I know you want to see Gini and her husband, and Markov and Jippy—as they’re all tied up for dinner, why don’t you get them to meet us in the Oak Room at the Plaza for Thanksgiving drinks? Sevenish? Then you and I could go on to Emily’s—I’m bribing her to let me sit next to you. I intend to do unspeakable things to you, hidden by the tablecloth—I want to see if you can keep a straight face…

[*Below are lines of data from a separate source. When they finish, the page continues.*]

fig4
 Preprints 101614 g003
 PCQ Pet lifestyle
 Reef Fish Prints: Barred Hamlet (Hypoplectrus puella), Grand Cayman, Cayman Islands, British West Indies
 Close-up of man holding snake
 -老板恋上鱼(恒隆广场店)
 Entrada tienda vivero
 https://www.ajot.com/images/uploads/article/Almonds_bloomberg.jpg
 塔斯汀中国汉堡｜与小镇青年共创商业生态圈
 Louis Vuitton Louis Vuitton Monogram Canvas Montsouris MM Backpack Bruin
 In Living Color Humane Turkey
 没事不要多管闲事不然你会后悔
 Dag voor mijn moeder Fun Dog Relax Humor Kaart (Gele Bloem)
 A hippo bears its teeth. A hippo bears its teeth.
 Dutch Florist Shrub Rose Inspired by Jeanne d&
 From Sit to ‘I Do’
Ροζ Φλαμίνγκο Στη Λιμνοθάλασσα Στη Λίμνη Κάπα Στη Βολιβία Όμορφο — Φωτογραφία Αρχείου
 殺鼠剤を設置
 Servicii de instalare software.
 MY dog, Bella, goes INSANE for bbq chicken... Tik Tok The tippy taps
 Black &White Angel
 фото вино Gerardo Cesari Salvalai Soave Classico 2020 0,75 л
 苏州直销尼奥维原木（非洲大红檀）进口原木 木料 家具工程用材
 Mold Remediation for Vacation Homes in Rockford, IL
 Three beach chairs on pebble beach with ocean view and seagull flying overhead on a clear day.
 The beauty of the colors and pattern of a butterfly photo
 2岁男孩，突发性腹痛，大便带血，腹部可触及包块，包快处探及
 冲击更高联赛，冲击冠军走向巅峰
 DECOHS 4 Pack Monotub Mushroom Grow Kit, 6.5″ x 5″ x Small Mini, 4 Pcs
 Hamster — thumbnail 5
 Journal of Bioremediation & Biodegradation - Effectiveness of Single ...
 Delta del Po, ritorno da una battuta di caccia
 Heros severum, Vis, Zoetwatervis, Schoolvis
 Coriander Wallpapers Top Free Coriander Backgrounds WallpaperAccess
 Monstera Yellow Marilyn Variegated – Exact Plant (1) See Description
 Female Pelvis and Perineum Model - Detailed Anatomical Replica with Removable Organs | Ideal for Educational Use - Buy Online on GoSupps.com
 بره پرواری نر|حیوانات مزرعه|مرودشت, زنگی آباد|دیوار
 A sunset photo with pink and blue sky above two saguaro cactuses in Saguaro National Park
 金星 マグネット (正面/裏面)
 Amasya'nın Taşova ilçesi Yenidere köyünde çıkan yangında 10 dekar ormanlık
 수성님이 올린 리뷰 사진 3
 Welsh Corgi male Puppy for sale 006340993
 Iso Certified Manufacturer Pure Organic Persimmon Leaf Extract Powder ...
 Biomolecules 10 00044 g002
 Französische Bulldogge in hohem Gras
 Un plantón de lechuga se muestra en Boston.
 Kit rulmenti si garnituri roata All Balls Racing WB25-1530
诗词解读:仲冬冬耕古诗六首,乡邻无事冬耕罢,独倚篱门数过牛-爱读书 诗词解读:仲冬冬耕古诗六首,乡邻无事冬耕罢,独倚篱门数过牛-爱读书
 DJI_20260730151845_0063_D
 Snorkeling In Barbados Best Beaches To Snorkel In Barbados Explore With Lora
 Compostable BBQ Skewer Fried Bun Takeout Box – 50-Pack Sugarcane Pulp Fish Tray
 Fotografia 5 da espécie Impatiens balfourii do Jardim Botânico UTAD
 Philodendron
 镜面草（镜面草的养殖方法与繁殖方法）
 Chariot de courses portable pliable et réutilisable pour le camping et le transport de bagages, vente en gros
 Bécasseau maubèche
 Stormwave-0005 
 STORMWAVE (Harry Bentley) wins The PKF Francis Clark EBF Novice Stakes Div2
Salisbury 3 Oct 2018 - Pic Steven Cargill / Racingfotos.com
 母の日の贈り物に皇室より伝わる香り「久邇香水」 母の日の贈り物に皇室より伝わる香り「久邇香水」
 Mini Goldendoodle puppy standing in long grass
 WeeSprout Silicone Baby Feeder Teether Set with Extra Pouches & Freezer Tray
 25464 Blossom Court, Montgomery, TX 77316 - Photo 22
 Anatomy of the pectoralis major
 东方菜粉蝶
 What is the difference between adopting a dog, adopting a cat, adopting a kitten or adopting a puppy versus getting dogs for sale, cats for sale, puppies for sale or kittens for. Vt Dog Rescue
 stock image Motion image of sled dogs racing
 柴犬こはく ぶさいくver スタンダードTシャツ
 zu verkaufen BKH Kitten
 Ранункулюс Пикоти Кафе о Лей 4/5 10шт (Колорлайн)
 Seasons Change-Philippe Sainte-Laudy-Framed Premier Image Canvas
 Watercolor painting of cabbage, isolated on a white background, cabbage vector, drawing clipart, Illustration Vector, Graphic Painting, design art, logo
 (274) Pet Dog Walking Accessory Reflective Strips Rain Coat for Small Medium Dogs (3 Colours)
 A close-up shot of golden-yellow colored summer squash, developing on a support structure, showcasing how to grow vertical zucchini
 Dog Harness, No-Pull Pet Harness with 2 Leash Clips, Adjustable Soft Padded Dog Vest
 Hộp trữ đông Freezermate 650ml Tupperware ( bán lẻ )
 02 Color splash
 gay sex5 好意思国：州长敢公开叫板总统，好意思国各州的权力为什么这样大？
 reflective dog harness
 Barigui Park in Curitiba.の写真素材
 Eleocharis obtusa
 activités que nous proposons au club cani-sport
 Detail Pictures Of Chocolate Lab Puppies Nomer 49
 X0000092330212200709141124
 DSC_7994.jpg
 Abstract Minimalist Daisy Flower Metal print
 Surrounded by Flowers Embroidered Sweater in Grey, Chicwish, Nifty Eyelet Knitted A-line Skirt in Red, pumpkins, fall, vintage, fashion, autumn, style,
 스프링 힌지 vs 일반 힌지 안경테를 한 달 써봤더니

I’d love to meet your friends—especially Markov. Did you realize that I spent our first-meeting lunch in Oxford worrying about him? From the moment Tom and Rowland first mentioned his name, I was in a state of jealous torment: I thought he might be your lover—that’s why I started drinking like a fish. Total panic. Very glad
indeed
that he’s gay.

Oh Lindsay, Lindsay, what have you done to me? I’m usually a man of great equilibrium, as you know. Always calm, always confident, and yet now—Are you smiling, darling? You have the most beautiful smile in the world; it lights up a room. Of course, you also have the most beautiful, the most desirable oernfgf in the world. I kiss them. Oh God, I wish I were vafvqr lbh now, darling.

I’m sending this by fax—shouldn’t really, but the post is so
slow
. Darling, I’ll be with you Wednesday. Let me know
re
above Plaza plot etc. when we speak. I’m sorry this letter is so long, but it’s been a vile day, and I was feeling miserable without you. I’ve just read your letter again—Oh, Lindsay. Trust me, darling. It made me so happy, what you said about the
simplicity
of our shpxvat—I feel that too. I kiss all your beloved asterisk bits. I send you my love. Only 101 hours until I next see you. Stars very bright tonight. Almost a full moon. Yours, darling,

Colin.

THANKSGIVING
XIII

I
N OXFORD THAT WEDNESDAY
, the day before Thanksgiving, Katya was enduring the last fifteen minutes of a tutorial. It was being conducted by her senior tutor, Dr Miriam Stark, a woman whose cool intelligence Katya feared; it concerned the use of narrators in two novels by the Brontës. It had begun with Katya reading aloud to Dr Stark the essay she had written on this subject, comparing Emily Brontë’s
Wuthering Heights
with her sister Anne’s
The Tenant of Wildfell Hall
; it had continued with Dr Stark’s analysis of that essay; the questions had been unrelenting and the criticisms barbed.